Terence Kongolo zostaje na dłużej w Feyenoordzie. Młody obrońca w poniedziałek podpisał nowy kontrakt, który związał go z klubem do 2017 roku. Dotychczasowa umowa reprezentanta Holandii obowiązywała jeszcze przez rok. Pomimo zainteresowania zagranicznych klubów, w tym Vfb Stuttgart, Kongolo zrealizował to, o czym mówił już dużo wcześniej.
- Ten kontrakt jest miłą nagrodą. Mam dobre przeczucia co do tego, że będę związany z Feyenoordem przez następne lata - powiedział brązowy medalista Mistrzostw Świata. Kongolo jest zdania, że nie skończył jeszcze nauki w klubie z De Kuip. - Nie mam jeszcze za dużo rozegranych meczów ligowych w pierwszym zespole. Dlatego myślę, że to lepiej dla mojego rozwoju, jeśli dalej będą tutaj występował. Jestem pewien, że będę mógł się tu rozwinąć jeszcze bardziej - mówił z przekonaniem.

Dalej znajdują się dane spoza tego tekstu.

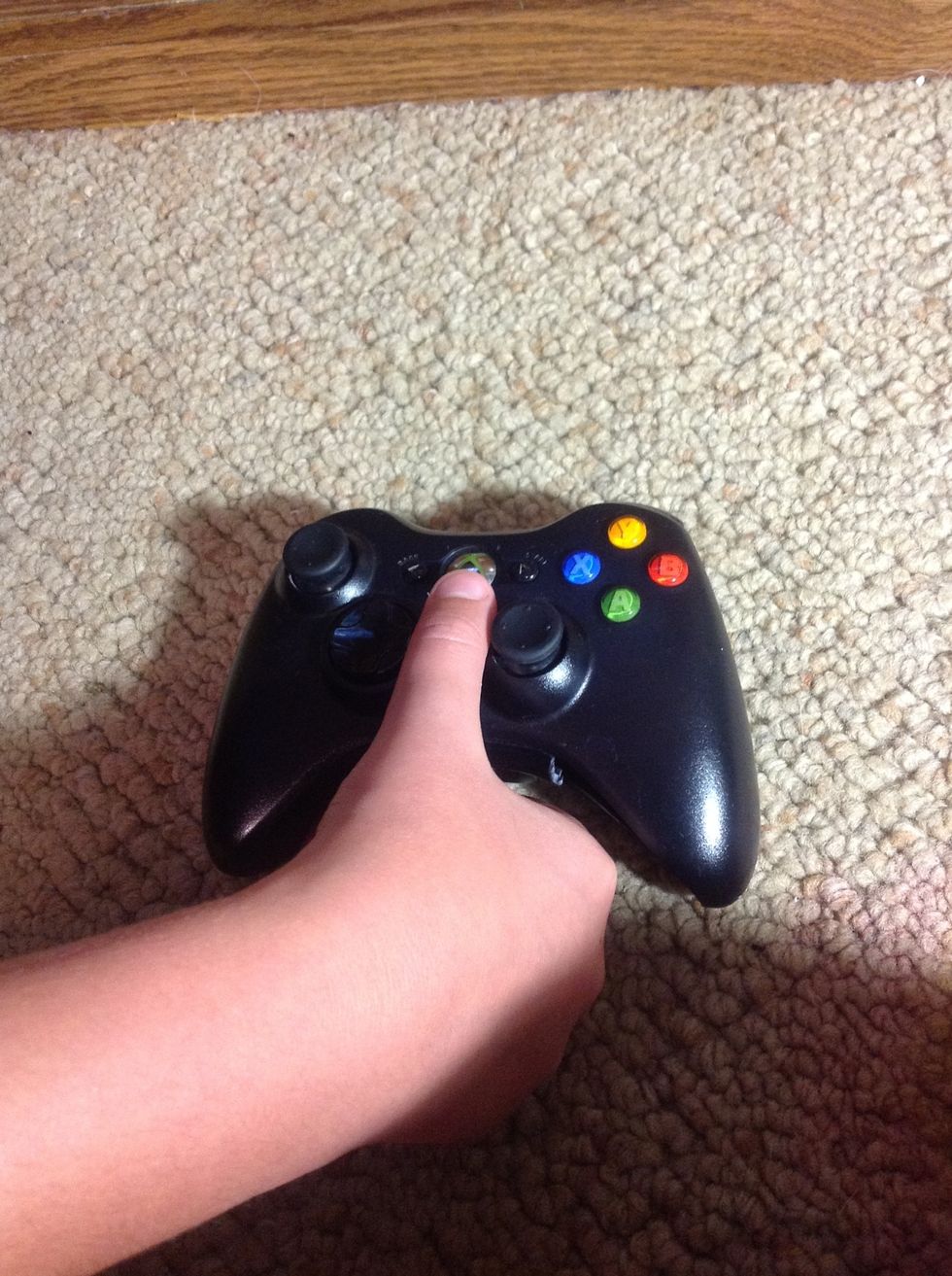 Step 5: Press and hold the middle button to turn on the controller.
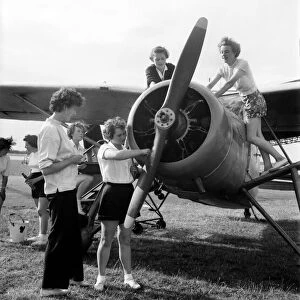 W. J. A. C. girls seen here servicing plane. August 1952 C4029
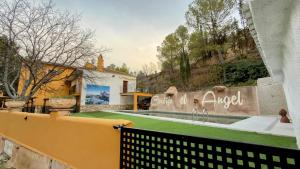 a villa with a swimming pool and a fence at Casa Angel 3 in Castril
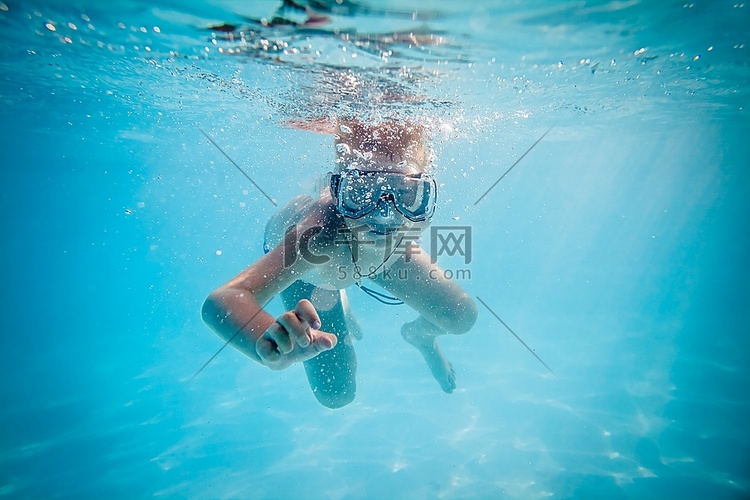 男孩在游泳池里的水下游泳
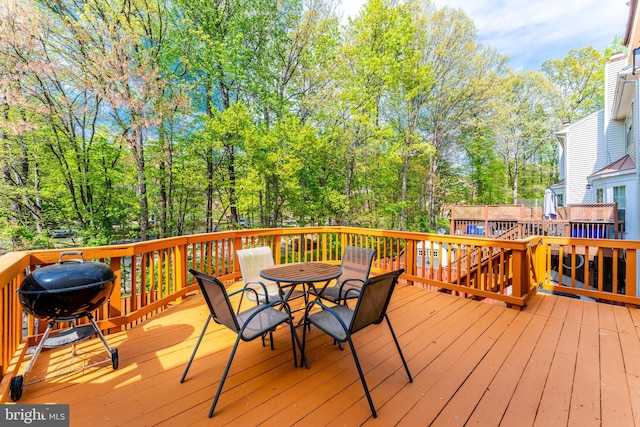 wooden deck with outdoor dining area and grilling area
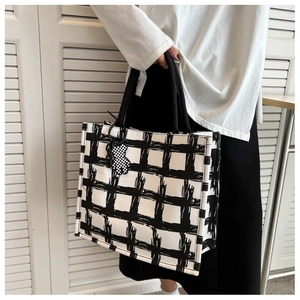 Detail of large black and white checkered canvas tote bag with woven handles and bear charm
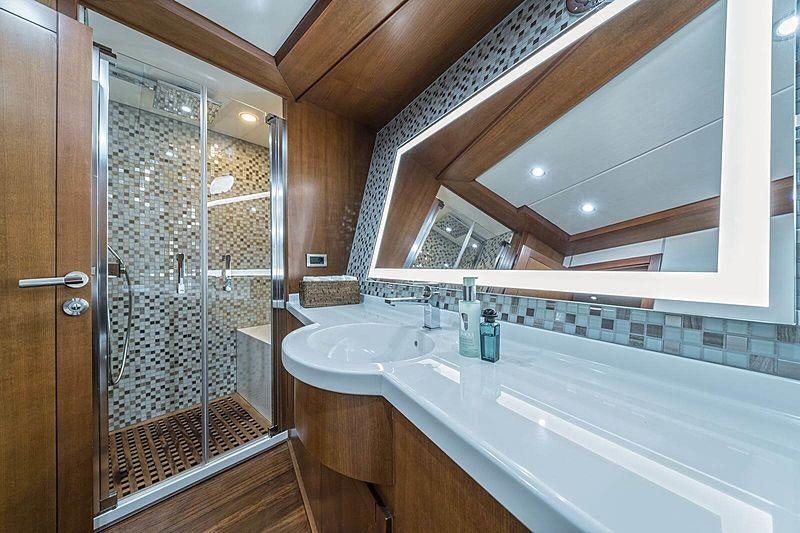 a bathroom with a large bathtub aboard SAN LIMI Yacht for Charter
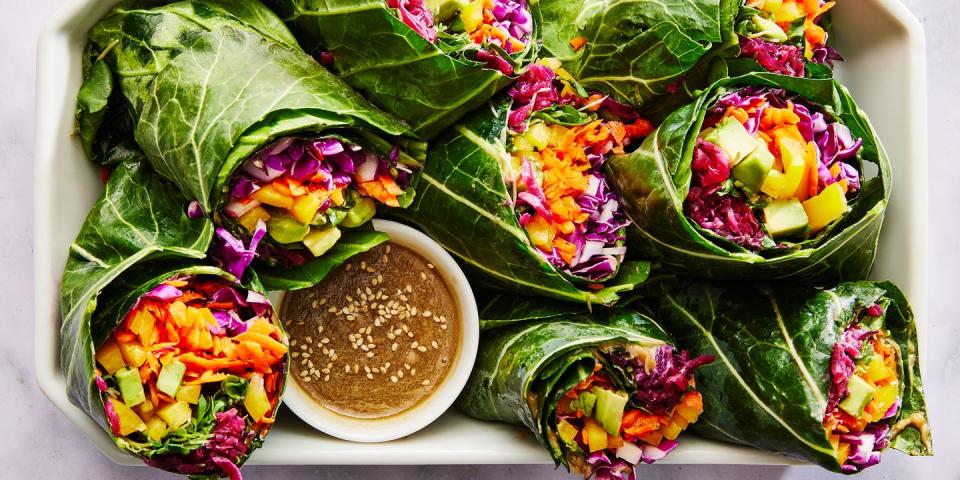 collard green wrap filled with shredded purple cabbage, grated carrots, yellow bell pepper, avocado, alfalfa sprouts and red sauerkraut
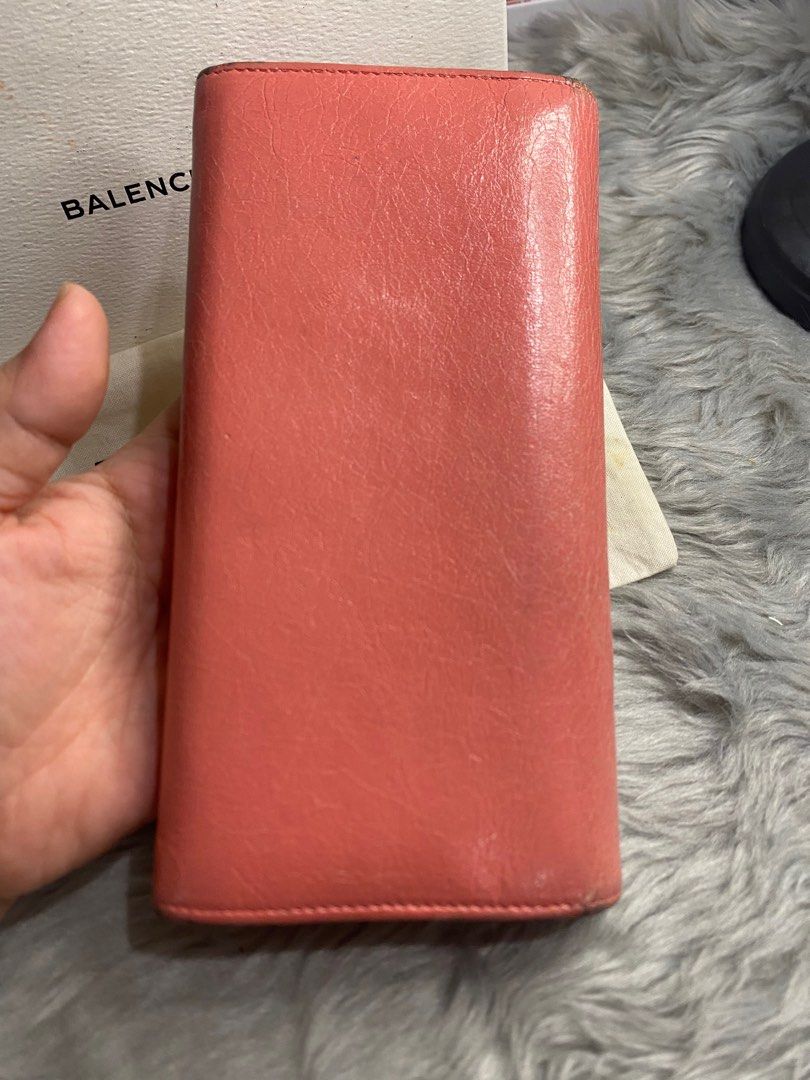 balenciaga wallet (Category: Luxury Bags & Wallets) located in Antipolo. Submitted by prelovedcloseta (Listing ID 1354961220, Image 2). Description: auth balenciaga wallet preloved minor rubs big studs wallet with box and dustbag estimated 10 card slots 3 bill compartments with coin compartment .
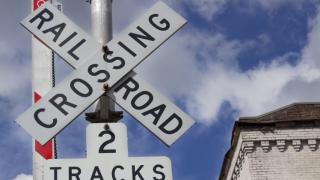 photo of a railroad crossing sign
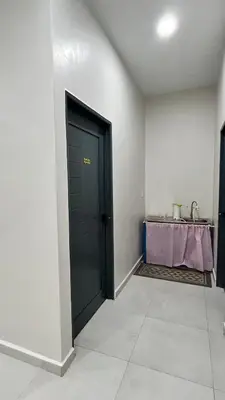 a black door in a room with a table at Kuala Kubu Bharu Guesthouse Hotel in Kuala Kubu Baharu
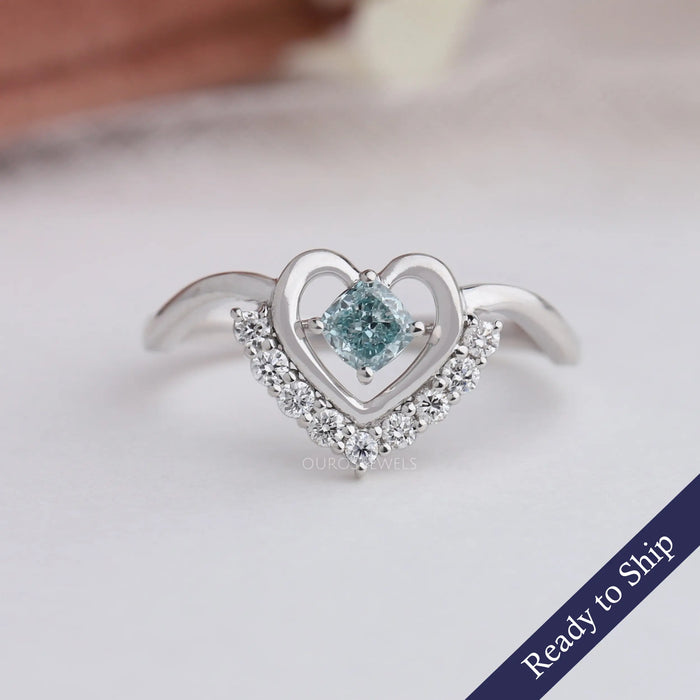 Front look of cushion cut engagement ring set in heart shaped style, crafted with side small round diamonds & 14k white gold.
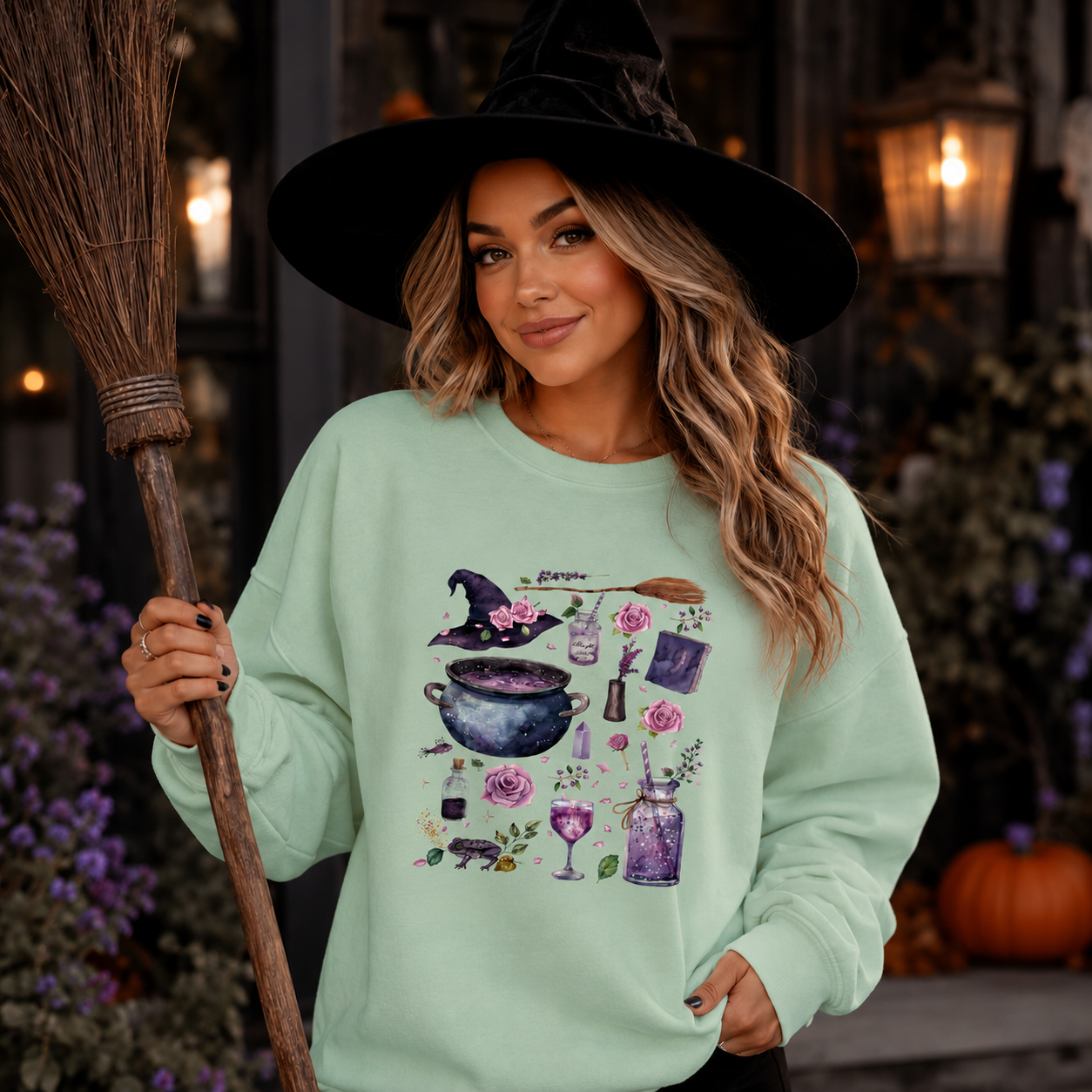 A woman wearing a black witch hat and a mint green graphic sweatshirt, holding a broomstick in a Halloween-themed setting with pumpkins and purple flowers.
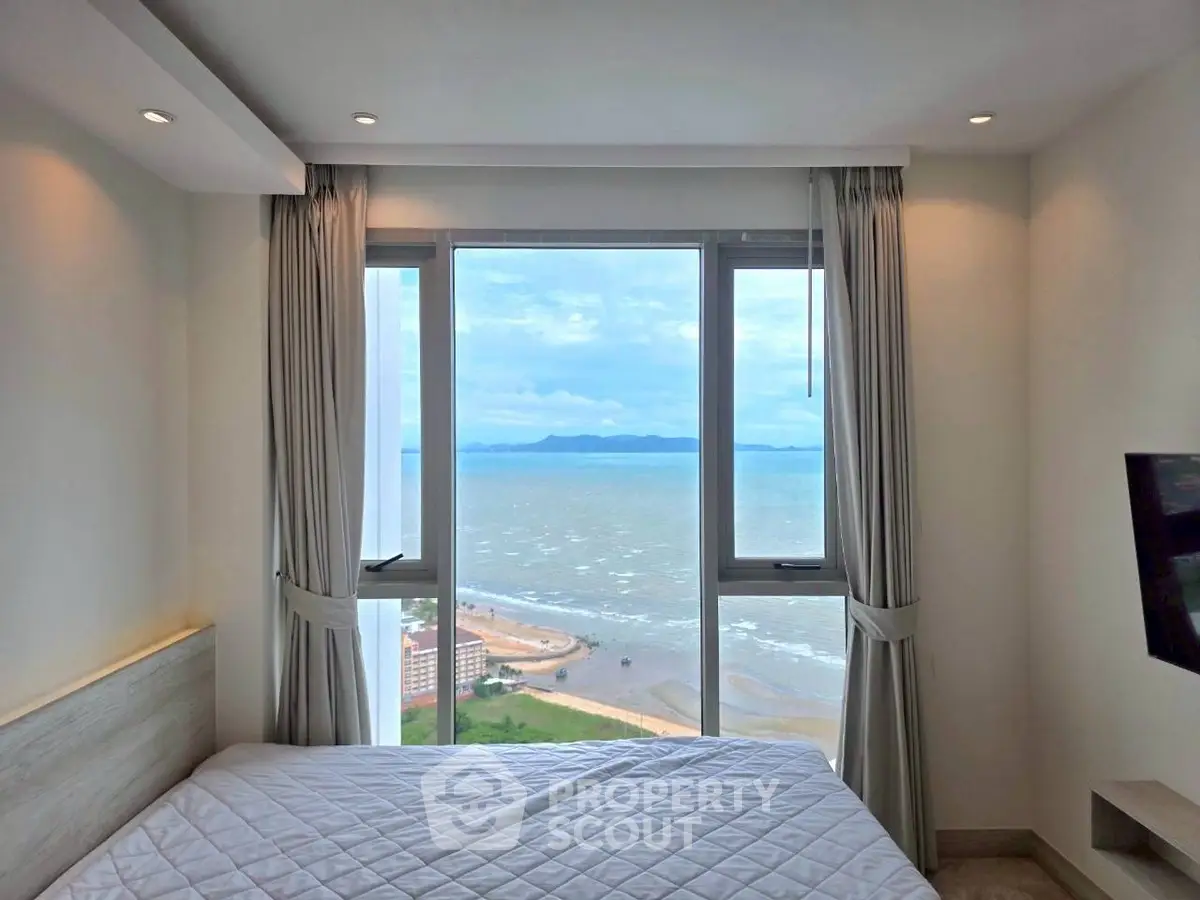 Luxurious bedroom with stunning ocean view and modern decor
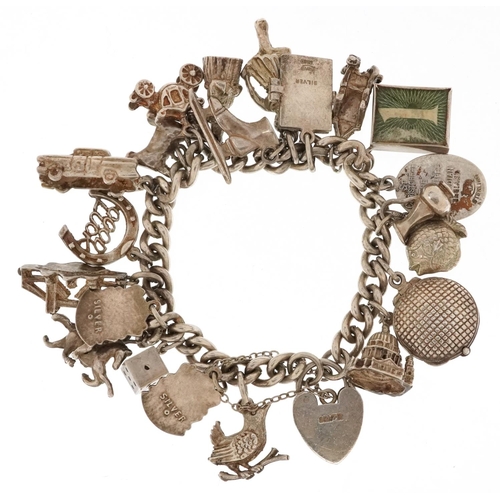 3662 - A silver charm bracelet with a collection of mostly silver charms including an emergency one pound n... 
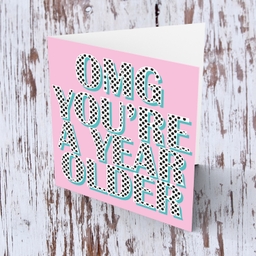 Pink background with polka dot wording you're a year older birthday card in English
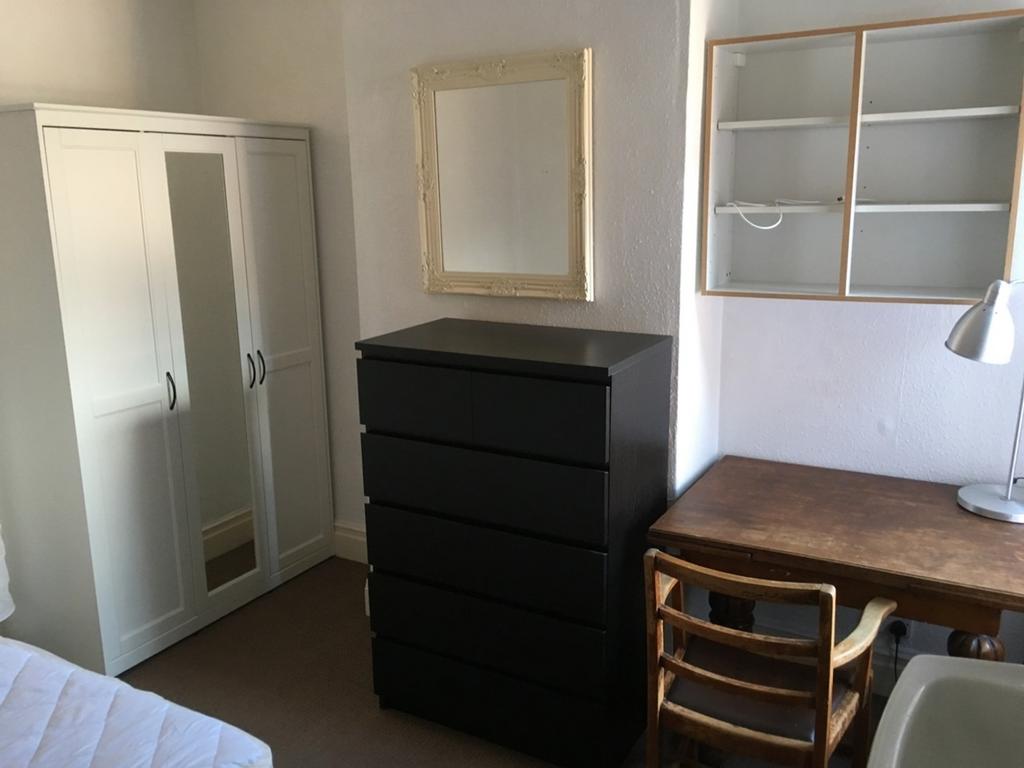 Bright and inviting double bedroom featuring am...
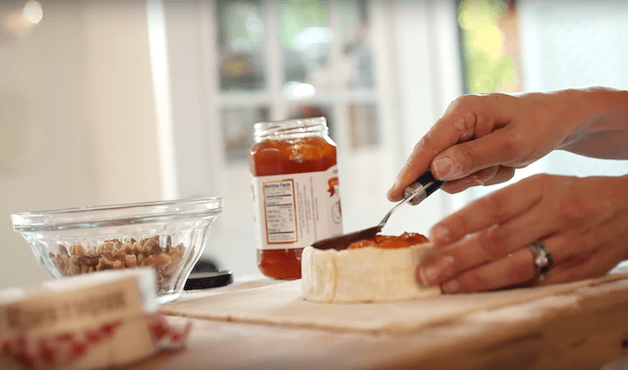 apricot jam being spread on top of a brie wheel with a spoon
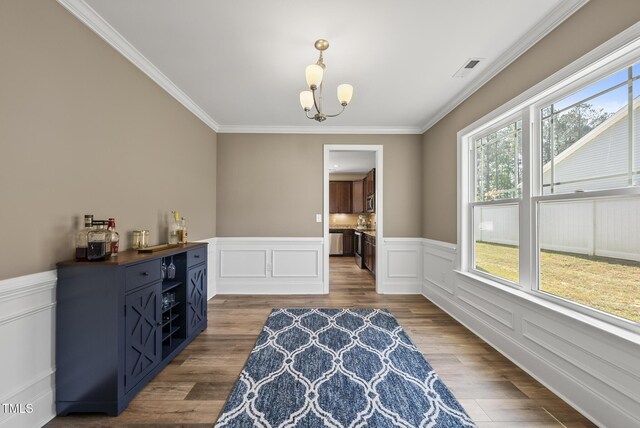dining area with ornamental molding, wainscoting, wood finished floors, and a notable chandelier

Jak zwykle swojej radości z porozumienia nie krył dyrektor techniczny Martin van Geel. - Terence to fantastyczny piłkarz z ogromnym potencjałem. W moich oczach, podjął mądrą decyzję o pozostaniu. W zeszłym sezonie spisał się doskonale, teraz zaczyna się nowy etap, w którym oczekuje się od niego więcej. Jesteśmy przekonani, że Terence może stać się jeszcze bardziej znaczącym graczem na Feyenoordu - przyznał działacz.